A 23 ans, il découvrait que le serpent à cornes représentait la lettre « f » au sens de la troisième personne, et donc que les hiéroglyphes étaient phonétiques et non symboliques, comme on le croyait depuis des siècles. Cinq ans plus tard, l’Anglais Young identifiait correctement cinq autres hiéroglyphes phonétiques et déchiffrait partiellement les cartouches de « Ptolmis » et de « Brnikat » (Bérénice).

Champollion, qui s’exerçait à transcrire le hiératique en hiéroglyphe, constata au début de 1822 qu’il avait imaginé d’écrire le nom de « Cléopâtre » tel qu’on venait de le découvrir sur l’obélisque de Philae, et découvrit bientôt l’existence des hiéroglyphes déterminatifs. Le 22 août, il présentait à l’Académie son traité sur le démotique et l’antique langue égyptienne.

Terre cuite de Fr José Santomarta 1980. Musé Champagnat. Rome

Après avoir déchiffré le 14 septembre le cartouche de Ramsès, puis celui de Thoutmès, il présentait le 27 septembre 1822 sa « Lettre à M. Dacier, relative à l’alphabet des hiéroglyphes phonétiques », qui, après 15 siècles d’oubli total, ouvrait à l’Histoire l’un de ses domaines les plus fascinants et spirituellement les plus riches. Mais cette découverte capitale échappait alors complètement aux Petits Frères.

1. Jean-Baptiste Rouchon (1761-1844) et André Coindre (1727-1826)

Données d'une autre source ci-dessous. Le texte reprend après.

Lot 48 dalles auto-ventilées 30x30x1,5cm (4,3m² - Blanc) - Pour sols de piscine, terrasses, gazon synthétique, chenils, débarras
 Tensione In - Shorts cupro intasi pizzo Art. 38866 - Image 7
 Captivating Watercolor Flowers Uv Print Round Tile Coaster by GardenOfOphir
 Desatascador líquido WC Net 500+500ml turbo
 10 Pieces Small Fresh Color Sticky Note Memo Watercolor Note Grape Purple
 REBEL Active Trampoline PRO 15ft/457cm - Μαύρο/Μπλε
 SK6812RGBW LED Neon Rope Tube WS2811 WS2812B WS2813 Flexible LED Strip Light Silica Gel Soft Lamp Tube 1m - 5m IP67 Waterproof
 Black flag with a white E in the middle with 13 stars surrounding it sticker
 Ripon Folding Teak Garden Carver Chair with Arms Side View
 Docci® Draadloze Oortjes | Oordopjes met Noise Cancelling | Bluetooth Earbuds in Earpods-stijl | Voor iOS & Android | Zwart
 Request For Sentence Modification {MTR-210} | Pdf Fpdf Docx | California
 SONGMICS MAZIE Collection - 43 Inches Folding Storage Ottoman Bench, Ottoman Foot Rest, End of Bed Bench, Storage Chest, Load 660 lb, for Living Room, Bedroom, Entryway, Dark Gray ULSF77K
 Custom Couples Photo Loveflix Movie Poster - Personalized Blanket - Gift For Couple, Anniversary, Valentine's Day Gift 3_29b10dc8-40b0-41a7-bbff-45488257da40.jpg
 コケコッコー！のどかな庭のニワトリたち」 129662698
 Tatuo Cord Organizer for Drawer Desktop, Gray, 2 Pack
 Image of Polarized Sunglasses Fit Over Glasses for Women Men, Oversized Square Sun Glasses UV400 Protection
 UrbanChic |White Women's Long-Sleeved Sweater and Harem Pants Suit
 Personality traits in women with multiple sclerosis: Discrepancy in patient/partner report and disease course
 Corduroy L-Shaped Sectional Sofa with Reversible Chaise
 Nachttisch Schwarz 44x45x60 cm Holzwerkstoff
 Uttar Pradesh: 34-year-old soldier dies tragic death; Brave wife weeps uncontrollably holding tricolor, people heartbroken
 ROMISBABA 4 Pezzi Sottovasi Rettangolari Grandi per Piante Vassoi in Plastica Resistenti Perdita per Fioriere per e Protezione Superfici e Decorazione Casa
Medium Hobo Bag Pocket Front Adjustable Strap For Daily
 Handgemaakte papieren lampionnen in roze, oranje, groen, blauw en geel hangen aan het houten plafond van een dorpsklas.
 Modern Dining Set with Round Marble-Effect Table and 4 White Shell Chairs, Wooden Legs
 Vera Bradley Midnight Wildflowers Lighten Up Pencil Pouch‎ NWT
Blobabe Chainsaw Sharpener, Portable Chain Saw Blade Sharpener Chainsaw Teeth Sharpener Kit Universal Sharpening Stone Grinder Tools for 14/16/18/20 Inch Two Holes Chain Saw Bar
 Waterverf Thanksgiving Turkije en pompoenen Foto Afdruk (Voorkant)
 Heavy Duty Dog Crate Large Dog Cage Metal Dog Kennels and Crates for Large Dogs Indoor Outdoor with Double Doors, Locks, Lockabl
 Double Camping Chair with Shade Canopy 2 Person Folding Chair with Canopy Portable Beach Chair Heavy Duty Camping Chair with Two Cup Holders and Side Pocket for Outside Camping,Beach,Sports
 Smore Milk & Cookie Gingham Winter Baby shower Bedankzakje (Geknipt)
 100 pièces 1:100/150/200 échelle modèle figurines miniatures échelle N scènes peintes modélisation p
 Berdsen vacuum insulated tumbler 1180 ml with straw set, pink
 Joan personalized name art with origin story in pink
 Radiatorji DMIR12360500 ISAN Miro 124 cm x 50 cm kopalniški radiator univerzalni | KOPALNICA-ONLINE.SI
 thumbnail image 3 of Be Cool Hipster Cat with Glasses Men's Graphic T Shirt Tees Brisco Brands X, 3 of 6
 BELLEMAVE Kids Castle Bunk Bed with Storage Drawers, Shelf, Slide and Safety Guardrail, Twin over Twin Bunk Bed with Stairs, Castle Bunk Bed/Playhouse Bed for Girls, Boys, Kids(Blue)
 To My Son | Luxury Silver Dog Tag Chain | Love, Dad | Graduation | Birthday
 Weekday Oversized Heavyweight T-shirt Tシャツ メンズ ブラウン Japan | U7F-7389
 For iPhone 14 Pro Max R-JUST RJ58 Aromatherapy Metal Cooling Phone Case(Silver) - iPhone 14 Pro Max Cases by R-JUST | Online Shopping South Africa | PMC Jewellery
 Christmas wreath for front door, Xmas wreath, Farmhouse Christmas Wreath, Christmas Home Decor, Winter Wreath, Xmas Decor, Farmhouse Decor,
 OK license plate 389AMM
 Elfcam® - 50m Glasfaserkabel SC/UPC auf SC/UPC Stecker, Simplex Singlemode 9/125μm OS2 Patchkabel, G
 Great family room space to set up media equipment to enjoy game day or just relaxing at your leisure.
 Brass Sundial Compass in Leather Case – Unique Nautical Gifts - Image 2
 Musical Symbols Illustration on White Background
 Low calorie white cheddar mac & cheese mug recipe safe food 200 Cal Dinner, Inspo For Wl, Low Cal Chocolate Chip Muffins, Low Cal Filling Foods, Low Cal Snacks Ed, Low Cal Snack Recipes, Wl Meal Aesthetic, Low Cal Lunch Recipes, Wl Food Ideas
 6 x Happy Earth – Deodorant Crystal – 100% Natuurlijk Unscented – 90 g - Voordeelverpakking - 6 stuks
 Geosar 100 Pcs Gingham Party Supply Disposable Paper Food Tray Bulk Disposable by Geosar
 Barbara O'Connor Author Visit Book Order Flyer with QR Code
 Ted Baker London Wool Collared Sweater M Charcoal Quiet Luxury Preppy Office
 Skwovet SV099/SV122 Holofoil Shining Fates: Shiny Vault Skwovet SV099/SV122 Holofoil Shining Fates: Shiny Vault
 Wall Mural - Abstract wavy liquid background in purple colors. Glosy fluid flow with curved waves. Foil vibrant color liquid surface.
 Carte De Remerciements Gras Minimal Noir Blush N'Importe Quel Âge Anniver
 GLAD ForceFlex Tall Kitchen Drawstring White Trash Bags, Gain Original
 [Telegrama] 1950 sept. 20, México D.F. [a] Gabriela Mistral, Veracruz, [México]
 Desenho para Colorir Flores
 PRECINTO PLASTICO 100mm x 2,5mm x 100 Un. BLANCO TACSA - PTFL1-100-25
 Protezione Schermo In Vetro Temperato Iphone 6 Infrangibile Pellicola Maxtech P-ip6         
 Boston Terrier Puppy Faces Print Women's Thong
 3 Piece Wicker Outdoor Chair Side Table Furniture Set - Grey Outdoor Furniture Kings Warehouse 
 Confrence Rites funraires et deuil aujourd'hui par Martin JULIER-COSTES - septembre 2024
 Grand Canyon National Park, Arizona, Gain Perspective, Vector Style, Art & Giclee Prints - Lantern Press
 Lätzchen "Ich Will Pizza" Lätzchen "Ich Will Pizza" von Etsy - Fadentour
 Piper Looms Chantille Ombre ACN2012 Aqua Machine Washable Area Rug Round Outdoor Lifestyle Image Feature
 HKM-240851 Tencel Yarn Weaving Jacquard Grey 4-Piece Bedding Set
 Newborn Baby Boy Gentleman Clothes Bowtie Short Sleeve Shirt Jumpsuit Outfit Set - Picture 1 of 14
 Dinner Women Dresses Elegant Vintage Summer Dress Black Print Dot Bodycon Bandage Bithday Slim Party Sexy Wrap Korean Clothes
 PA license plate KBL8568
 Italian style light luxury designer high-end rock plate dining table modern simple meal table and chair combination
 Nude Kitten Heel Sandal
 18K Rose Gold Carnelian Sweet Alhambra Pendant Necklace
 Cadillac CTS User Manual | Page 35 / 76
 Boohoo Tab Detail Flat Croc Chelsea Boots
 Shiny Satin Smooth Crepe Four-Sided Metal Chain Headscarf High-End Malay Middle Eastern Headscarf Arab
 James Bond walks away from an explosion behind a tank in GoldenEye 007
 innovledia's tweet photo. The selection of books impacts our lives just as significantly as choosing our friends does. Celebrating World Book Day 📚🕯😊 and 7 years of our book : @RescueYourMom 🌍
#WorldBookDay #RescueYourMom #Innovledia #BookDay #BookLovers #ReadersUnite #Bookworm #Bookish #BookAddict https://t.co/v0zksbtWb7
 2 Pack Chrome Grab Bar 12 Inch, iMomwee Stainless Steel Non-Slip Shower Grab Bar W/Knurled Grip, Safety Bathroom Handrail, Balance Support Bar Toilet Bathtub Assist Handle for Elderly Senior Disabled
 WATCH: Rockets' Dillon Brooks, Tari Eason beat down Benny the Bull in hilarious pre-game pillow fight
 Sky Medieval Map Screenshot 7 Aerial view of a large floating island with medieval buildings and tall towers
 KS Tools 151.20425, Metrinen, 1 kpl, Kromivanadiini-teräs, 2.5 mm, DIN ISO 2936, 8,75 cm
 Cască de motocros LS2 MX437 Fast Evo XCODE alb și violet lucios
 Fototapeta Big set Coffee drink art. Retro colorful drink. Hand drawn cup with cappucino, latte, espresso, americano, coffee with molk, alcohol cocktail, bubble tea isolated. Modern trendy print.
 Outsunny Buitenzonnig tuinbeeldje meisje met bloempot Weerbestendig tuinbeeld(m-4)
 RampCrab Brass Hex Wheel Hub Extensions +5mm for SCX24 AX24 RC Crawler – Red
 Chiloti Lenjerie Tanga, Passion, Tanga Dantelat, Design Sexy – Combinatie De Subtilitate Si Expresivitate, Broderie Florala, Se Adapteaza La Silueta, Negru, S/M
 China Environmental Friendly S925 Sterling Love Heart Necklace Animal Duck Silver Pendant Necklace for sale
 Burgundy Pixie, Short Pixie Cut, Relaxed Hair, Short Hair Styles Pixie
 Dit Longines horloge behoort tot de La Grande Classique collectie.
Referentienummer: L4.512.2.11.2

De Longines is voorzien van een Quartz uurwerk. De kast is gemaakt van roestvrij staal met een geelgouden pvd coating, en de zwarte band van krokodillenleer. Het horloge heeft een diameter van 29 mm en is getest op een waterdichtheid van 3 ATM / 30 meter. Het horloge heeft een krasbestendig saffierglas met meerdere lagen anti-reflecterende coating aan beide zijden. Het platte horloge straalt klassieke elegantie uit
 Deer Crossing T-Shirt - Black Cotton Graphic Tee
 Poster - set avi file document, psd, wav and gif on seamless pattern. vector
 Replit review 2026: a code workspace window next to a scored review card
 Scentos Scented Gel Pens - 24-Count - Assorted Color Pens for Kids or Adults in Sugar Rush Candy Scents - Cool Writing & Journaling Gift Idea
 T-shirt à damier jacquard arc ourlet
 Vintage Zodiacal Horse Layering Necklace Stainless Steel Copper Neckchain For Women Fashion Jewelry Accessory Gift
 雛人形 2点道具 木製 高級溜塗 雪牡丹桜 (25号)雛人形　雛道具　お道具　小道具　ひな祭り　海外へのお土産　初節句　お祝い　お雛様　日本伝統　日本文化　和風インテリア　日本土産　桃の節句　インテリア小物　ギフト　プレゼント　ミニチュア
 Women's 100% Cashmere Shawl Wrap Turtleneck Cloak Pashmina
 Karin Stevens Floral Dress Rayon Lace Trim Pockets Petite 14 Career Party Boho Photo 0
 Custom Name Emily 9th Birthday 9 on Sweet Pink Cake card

Né dans le Velay (Haute-Loire), à St-Just-Malmont, un bon quart de siècle avant le Bx Champagnat, J.-B. Rouchon reçut le sacerdoce en 1785. La Révolution le surprit comme vicaire à Saint-Romain-de-Popey (Rhône) où il refusa de prêter le serment et émigra en Italie, notamment à Rome, avant de rentrer au pays natal vers la fin du Directoire.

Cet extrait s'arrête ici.